Objective function 3 for the wind–solar hydrogen storage-independent microgrid, due to many external influences, after increasing the energy storage system, cannot completely guarantee the reliability of the system power supply [25]. The critical index of load shortage can refer to the power fluctuation problem. When the load is short of electricity, the system is more stable and reliable, and vice versa. Figure 3 shows the load power shortage operation flow in the wind–solar hydrogen storage microgrid system. E_lps shows a power shortage of the load, which can be expressed as

$$f_{\mathrm{L}}={\displaystyle \sum _{k=1}^n{E}_{lps}(k)}/{\displaystyle \sum _{k=1}^n{E}_L(k)}$$

(18)

When power generation from wind and solar meets the load requirements, when ΔE > 0, power shortage E_lps = 0, and the ΔE is judged, and different charging combination devices are selected. When ΔE is greater than or equal to the max range between the battery and hydrogen storage capacity, the maximum value of the battery and hydrogen storage is used for charging; When ΔE is greater than the maximum range of the battery capacity, the maximum value of the battery is used to charge, and the remaining electricity is used to charge the hydrogen storage. When ΔE exceeds the upper range of the hydrogen storage capacity, the maximum amount in hydrogen storage is used for charging. When ΔE becomes less than the maximum range of capacity of hydrogen storage, hydrogen storage is used for charging.

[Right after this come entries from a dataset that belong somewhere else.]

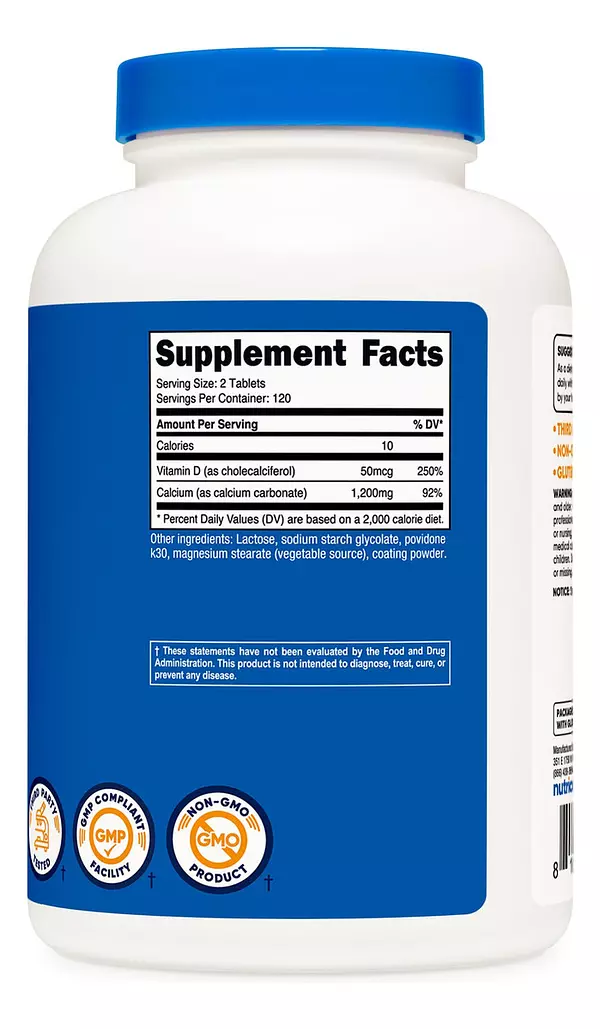 Salud y Equipamiento Médico - Calcio Con Vitamina D3, 240 Tabletas 6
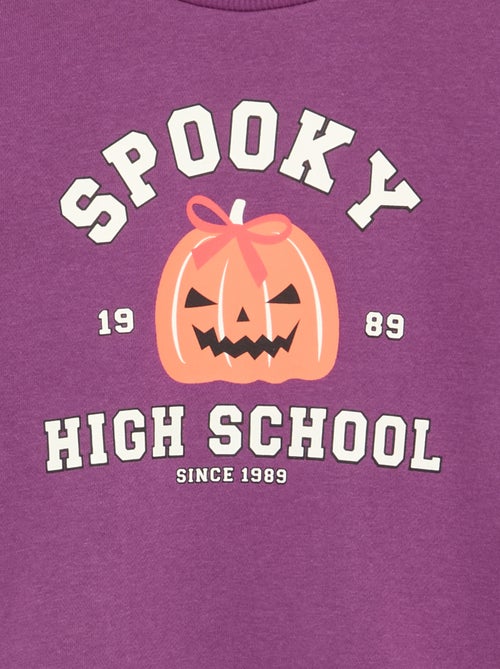 Fleece Halloween-sweatshirt - Kiabi Fleece Halloween-sweatshirt - Kiabi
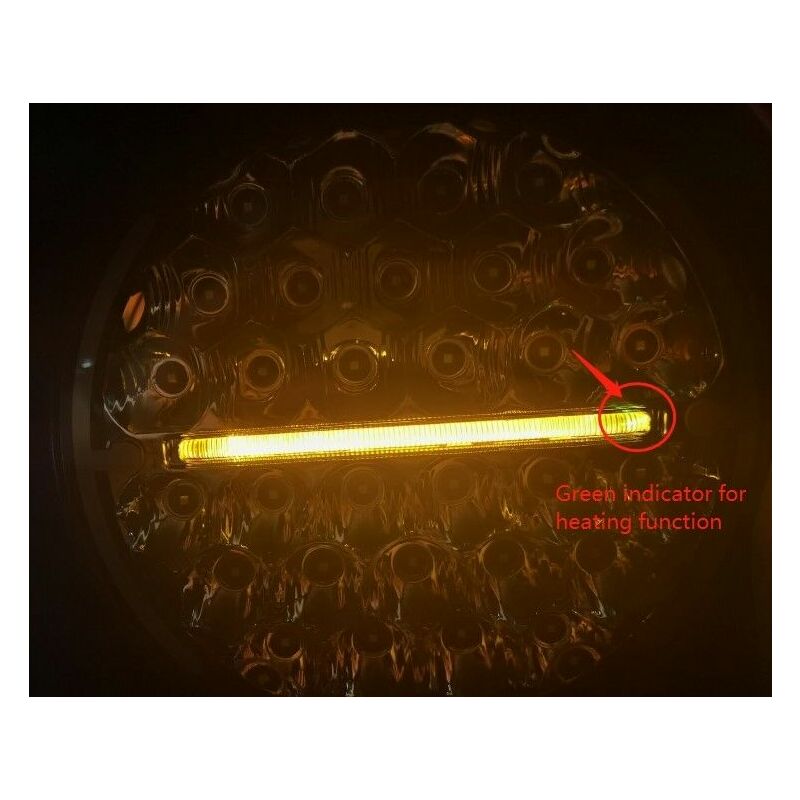 LED Auxiliary driving lamp 9” with heating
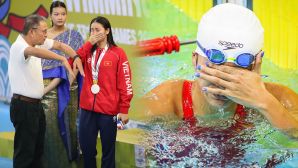 Kình ngư Mỹ Tiên bật khóc tại SEA Games 33 gây tranh cãi, lãnh đạo đoàn TTVN chính thức vào cuộc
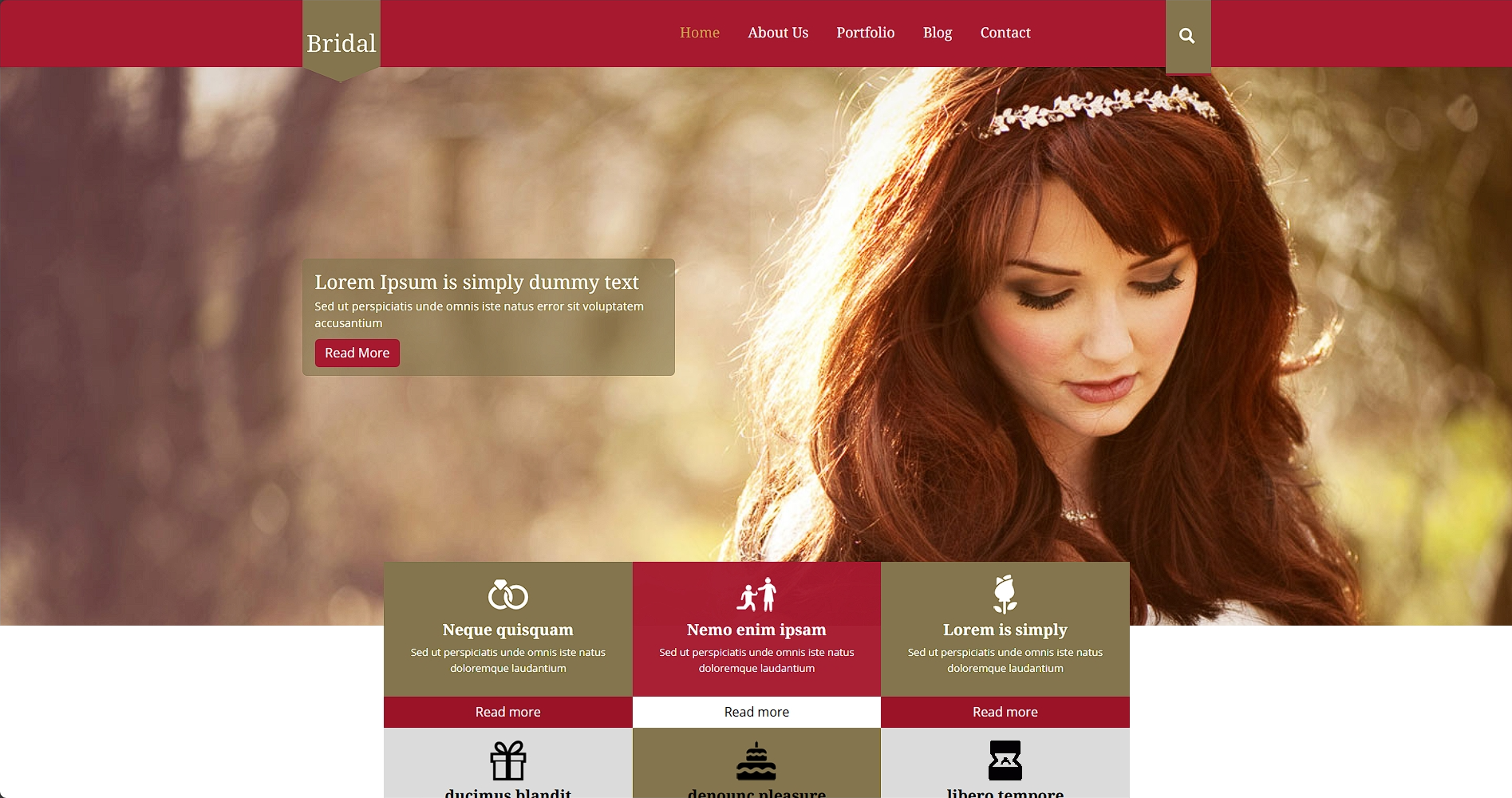 婚礼策划服务响应式网页模板-柒伍零丨网络资源社区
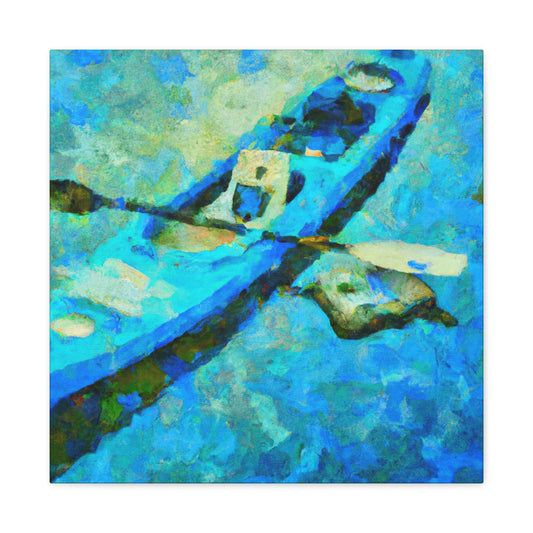 Kayaking the Open Waters - Canvas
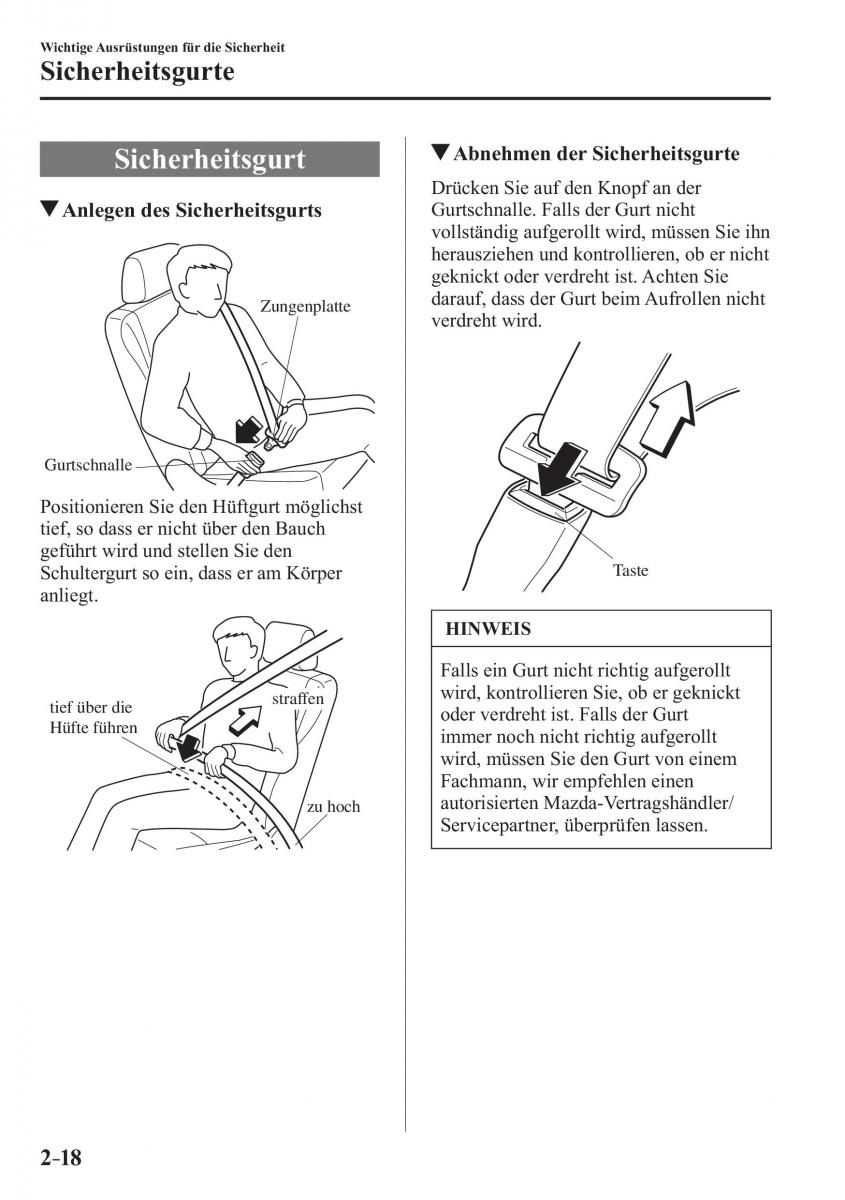 Mazda 3 III Handbuch / page 43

When the amount of wind–solar power generation satisfies the load requirement, that is, ΔE < 0, the wind–solar power generation is insufficient, so it is necessary to discharge the stored power to supplement the shortage of the system, judge ΔE, and choose different discharge combination distribution methods. When −ΔE is greater than or equal to the maximum range of the storage battery and hydrogen storage capacity, the maximum value of storage battery and hydrogen storage capacity is used for discharge. When −ΔE is greater than the maximum range of the battery capacity, the maximum value of the battery is employed for discharge, and the balance of the power is used to discharge on hydrogen energy storage. When −ΔE is greater than the maximum range of the hydrogen storage capacity, the maximum value of hydrogen storage is used for discharge. When −ΔE is less than the maximum range of hydrogen storage capacity, hydrogen storage is used for discharge.

3.2. Constraints

(1) Capacity constraints of hydrogen storage equipment:

$$V_{\min }\le V\le V_{\max }$$

(19)

where: V_min and V_max are the minimum and maximum capacities of the hydrogen storage tank.

(2) Capacity constraints of hydrogen storage equipment:

$$SOC\in \left[0,1\right]$$

(20)

where: SOC is the operating state of charge in the energy storage system.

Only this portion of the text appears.